Self-Classified Topic Area(s): Small Molecule > Tox / TDM / Endocrine > Identifying High Value Tests

Unmasking Designer Benzodiazepines: Comprehensive Analysis Reveals Evasion from Targeted Detection Methods in Substance Abuse Users

Raymond T. Suhandynata(1,2), Melissa A. Hoffman(3), Alec Saitman(4), Robert L. Fitzgerald(1), Amadeo Pesce(1,5)
(1) Department of Pathology, University of California San Diego Health, San Diego, CA, 92121 (2) Skaggs School of Pharmacy and Pharmaceutical Sciences, University of California San Diego, La Jolla, CA, 92093 (3) Vividion Therapeutics, San Diego, CA, 92121 (4) LabCorp West Division, Portland, OR, 97213 (5) Precision Diagnostics, San Diego, CA, 92121

Raymond Suhandynata, PhD DABCC (Presenter)
University of California, San Diego

Presenter Bio: Dr. Suhandynata is an Assistant Professor at the University of California San Diego with appointments in the Skaggs School of Pharmacy and Department of Pathology. He serves as the Associate Laboratory Director for the CMCR reference laboratory and the Associate Director of the UCSD ComACC clinical chemistry fellowship. He completed his Clinical Chemistry fellowship training at the UC San Diego Center for Advanced Laboratory Medicine, under the direction of Dr. Robert Fitzgerald. He has extensive experience with applications of mass spectrometry in research, pre-clinical, and clinical laboratories. Areas of interest include phospho-proteomics to identify novel kinase targets by LC-MS/MS, SUMO proteomics to identify cellular signals involved in chromosome segregation, utilization of MALDI-TOF MS in to identify antibiotic resistant bacteria in the clinical specimens, and development of targeted LC-MRM/PRM assays for small molecules and peptides. Addtionally, he as made significant contributions during the COVID-19 pandemic, validating several COVID-19 serology LDTs at UCSD Health.

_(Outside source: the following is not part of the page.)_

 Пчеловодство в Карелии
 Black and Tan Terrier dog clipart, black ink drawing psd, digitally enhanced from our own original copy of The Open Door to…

Relevant Financial Disclosures (within past 24 months, reported on Apr 22, 2023)
No relevant financial relationship(s) to disclose.

Abstract

Introduction:
Designer benzodiazepines belong to the synthetic depressant class designer drugs and pose a significant health risk to substance users. Standard practice for drugs of abuse testing in clinical laboratories typically rely on targeted LC-MS/MS analysis of urine specimens, predominantly focusing on commonly prescribed benzodiazepines and their metabolites, omitting designer benzodiazepines. These limitations have prompted some laboratories to incorporate broad-spectrum high-resolution LC-MS/MS analysis into their testing protocols to facilitate the identification of designer benzodiazepines and other designer drugs.

Methods:
A total of 23,747 urine specimens, originating from pain clinics and drug rehabilitation centers, underwent testing for benzodiazepines using a clinically validated benzodiazepine immunoassay and targeted LC-MS/MS benzodiazepine panel. Out of these, 945 were positive by immunoassay (Thermo Fisher DRI Benzodiazepine), while 886 were confirmed positive by LC-MS/MS. Specimens with discordant results (positive by immunoassay but negative by targeted LC-MS/MS) underwent further investigation using a broad-spectrum LC-QTOF-MS approach. MS spectra were acquired in positive MSE mode and matched to a Waters UNIFI toxicology spectral library containing over 1,500 compounds and significant library matches were confirmed by purchasing standard or certified reference material of the suspected analyte when available Additionally, immunoassay cross-reactivity of four designer benzodiazepines was evaluated using three separate immunoassays.

Results:
Among the 945 benzodiazepine immunoassay positive urine specimens tested, 6.2% (n=59) were not positive for benzodiazepines when tested by the targeted LC-MS/MS panel. Further analysis of 51 of these specimens (8 specimens could not be sequestered) by LC-QTOF-MS revealed designer benzodiazepines in 66.7% (n=34) of them. The most prevalent designer benzodiazepines detected were flualprazolam, etizolam, and flubromazolam.

Conclusion:
This study underscores the limitations of traditional targeted LC-MS/MS analysis in detecting designer benzodiazepines among substance abuse users. The adoption of a comprehensive approach involving immunoassay screening followed by both targeted and broad-spectrum LC-MS/MS methods is crucial for developing an accurate understanding of designer benzodiazepines usage in the population.